Since this issue has happened to us several times on these player PCs mostly when there seems to be a power outage, it makes me wonder if the issue isn't the NTFS filesystem again, especially since checkdisk was forced to run. All hardware has been powered off to drain the electrical charge, so my best guess is these issues are strictly software related. Then I had to ask myself, if NTFS is a journalling filesystem, why do we need to run checkdisk at all? By definition, a journalling filesystem is supposed to keep track of changes in a log, before they are committed to disk. The goal is to eliminate corrupted files since the system should know about all changes to the disk and therefore not lose any changes, causing corruption. So there must be a reason that Microsoft thinks that checkdisk is necessary for a filesystem that supposedly should not encounter corruption.

On top of these issues, I've seen issues here and there mostly on Windows Server 2003 with the NTFS filesystem becoming corrupted on its own which corrupts permissions as well, and other times where files exist but can't be deleted. All of this on servers that never have a power outage. These mysteries will need to stay mysteries for now as solutions were never found, and the company didn't have the money and resources available right away to pay Microsoft.

And why offer a repair mechanism that just doesn't work? Windows sees the drive, boots to it (offers the boot selection screen), then stops. So the feature just doesn't work. We've seen similar issues with other desktop PCs running Windows 7 as well, but those are outside of the scope of this article.
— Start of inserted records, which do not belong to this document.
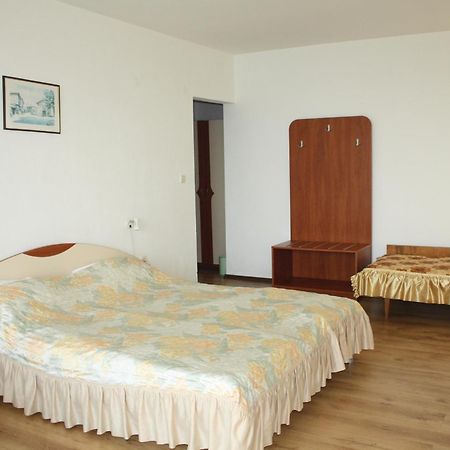 Harmony Beach Family Hotel Nesebar Ngoại thất bức ảnh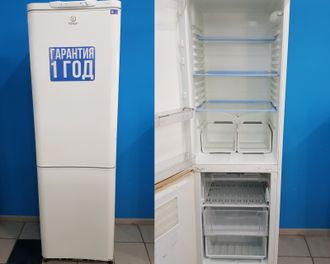 Холодильник Indesit CA 140G.016 код 533767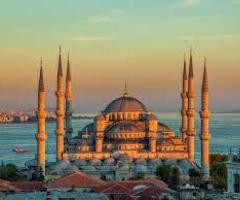 Turkey Visa for Saint Lucia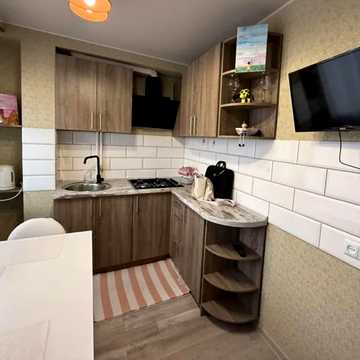 Джона Маккейна вул. (Івана Кудрі), 39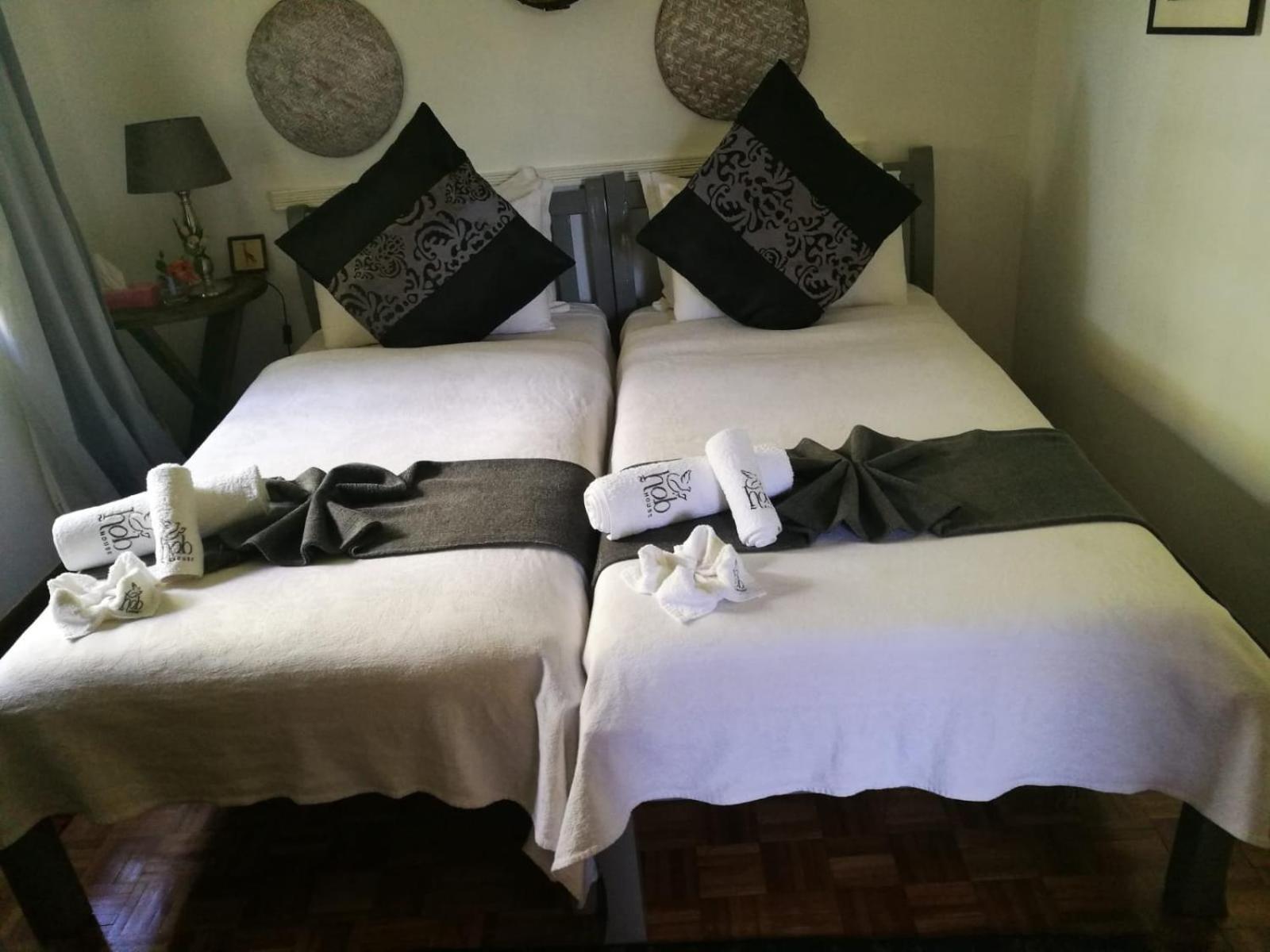 Hob House Hotel Gachie Екстериор снимка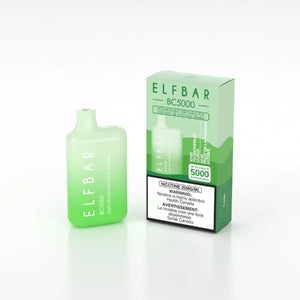 ELF BAR 5K Disposable Vape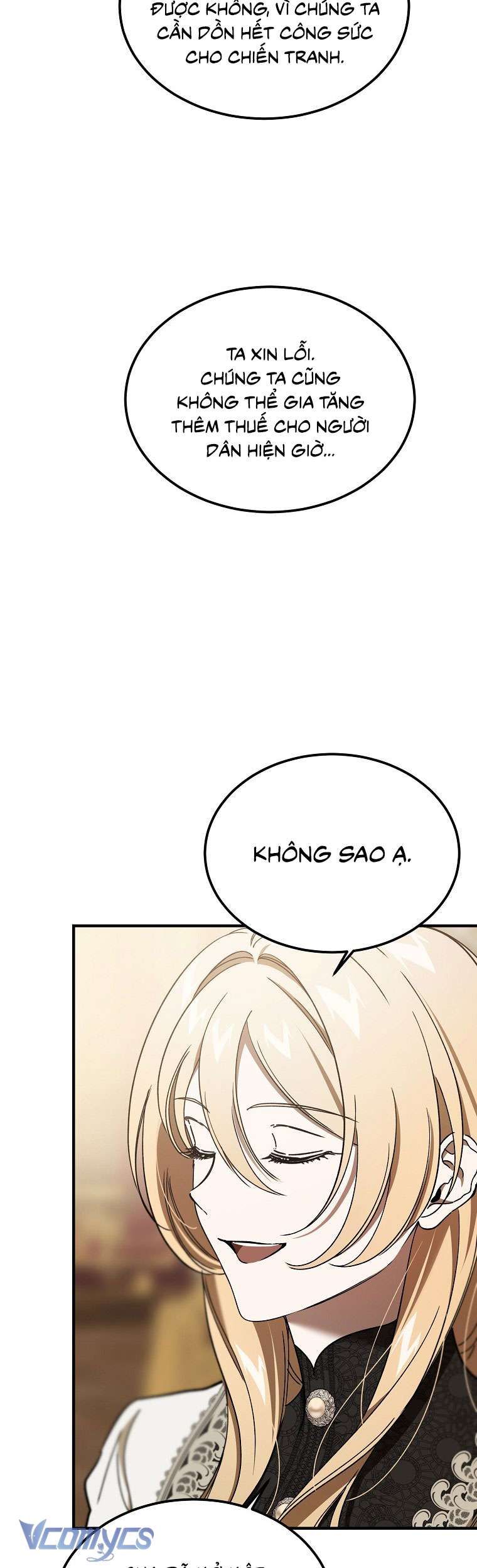 Ác Quỷ Nuôi Dưỡng Tiểu Thư [Chap 88]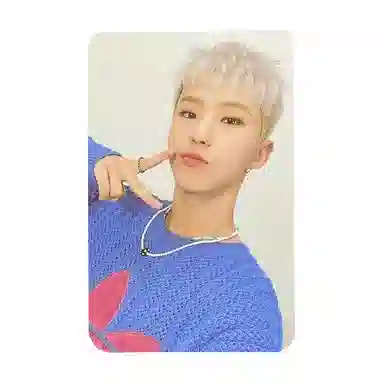 HYBE SEVENTEEN 2022PB THE NAME17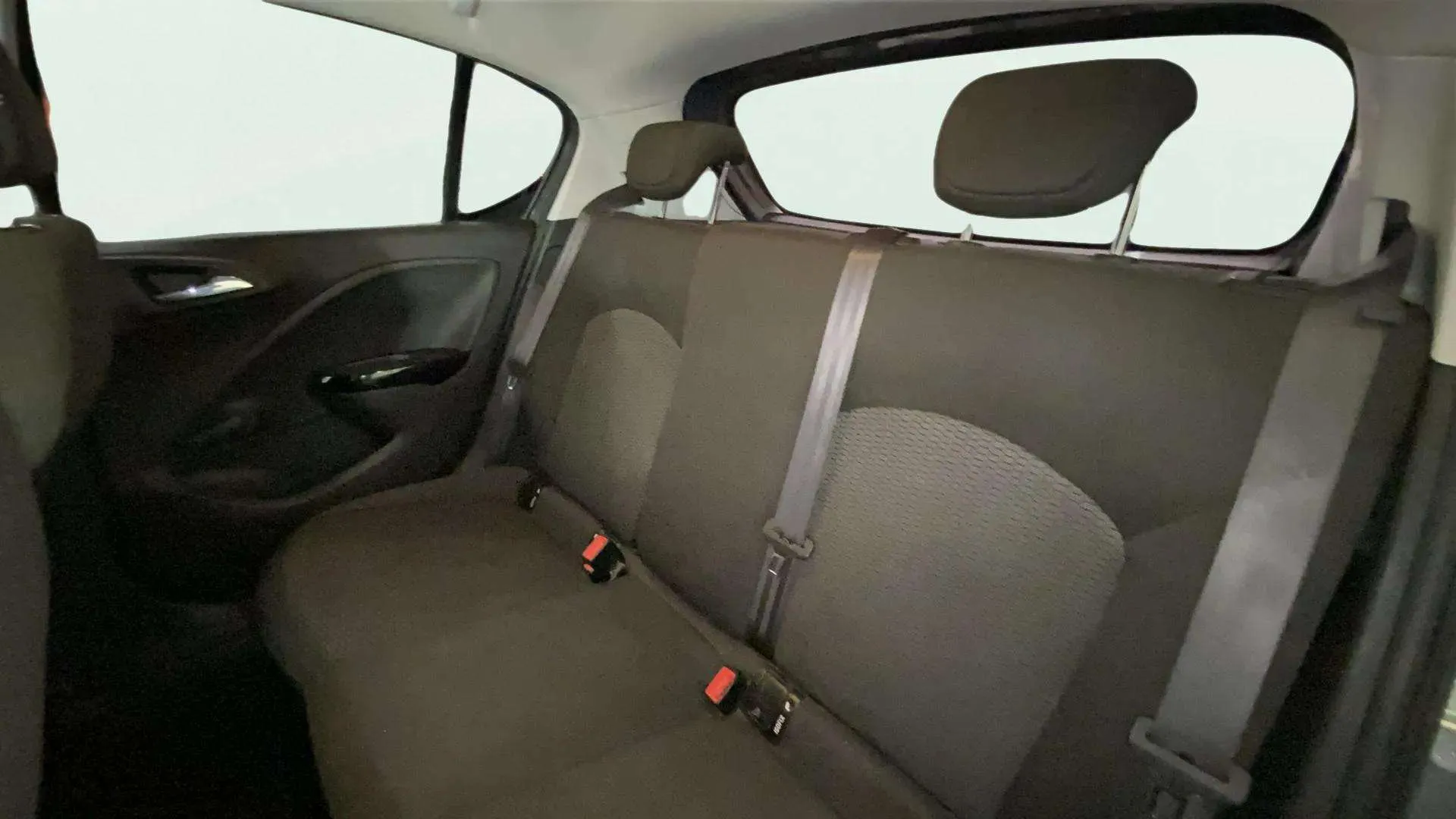 Opel Corsa 1.3 CDTi Selective - foto 24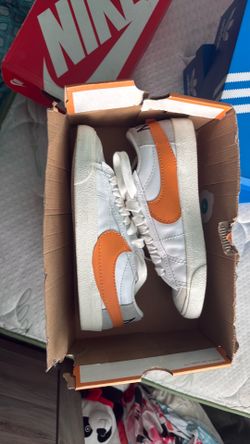 Blazer low ‘77 Jumbo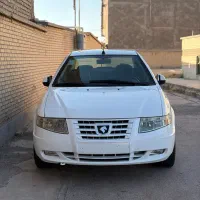 سورن مدل ۹۶ موتور ای اف سون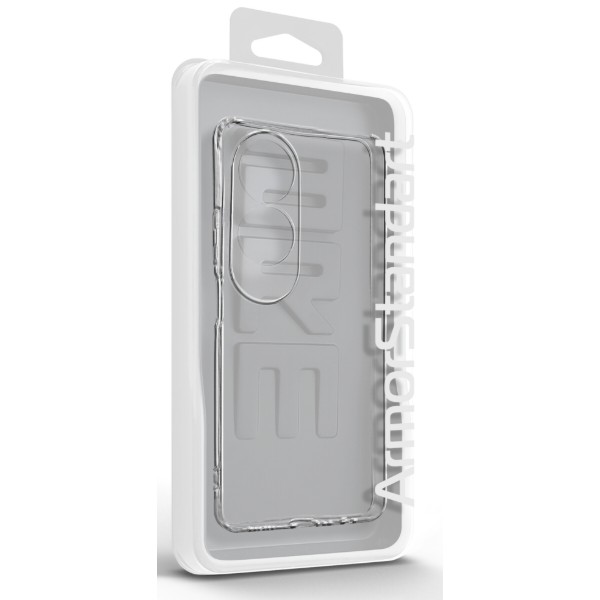 Фото - Чохол для смартфону Armorstandart Air for OPPO A60 4G Camera cover Clear (ARM78598)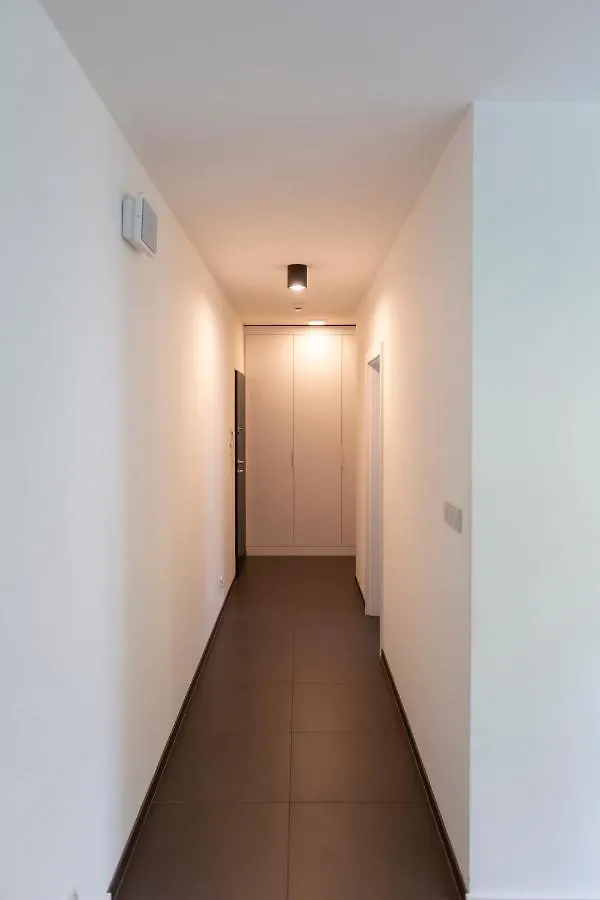 Baltica Towers Gdansk Dwupokojowy Apartament 900M Od Morza Apartment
In my opinion other filesystems like XFS, EXT3, EXT4, ReiserFS, and others are better examples of true journalling filesystems. I've personally used XFS, EXT3, and EXT4 in production environments that are under rigorous loads, and we've never seen file corruption like we do with Microsoft NTFS. I highly recommend the use of EXT4 because it is the default filesystem of choice for new Linux installations, and it's open source so there should be more compatibility in the future, as well as no software patent troubles like we've seen with Microsoft FAT32 filesystem. Currently FAT32 seems to be the most supported filesystem because it's been around for a long time. NTFS is not as supported outside of Windows because Microsoft has kept it closed source, making it difficult to develop applications and other operating systems to use with it. I've been highly impressed with EXT4's speed advantages over other filesystems as well. And defragging is not even needed with EXT4 (nor is it with EXT3 or EXT2). It's important to choose the correct filesystem (IF you have a choice), as the entire system depends on it and it can cause trouble since it's at the very core of the operating system. With the high overhead of the NTFS filesystem and unreliability, I avoid it as much as possible for storage. Unfortunately since Windows is proprietary, NTFS must be used, there is no choice like Linux has.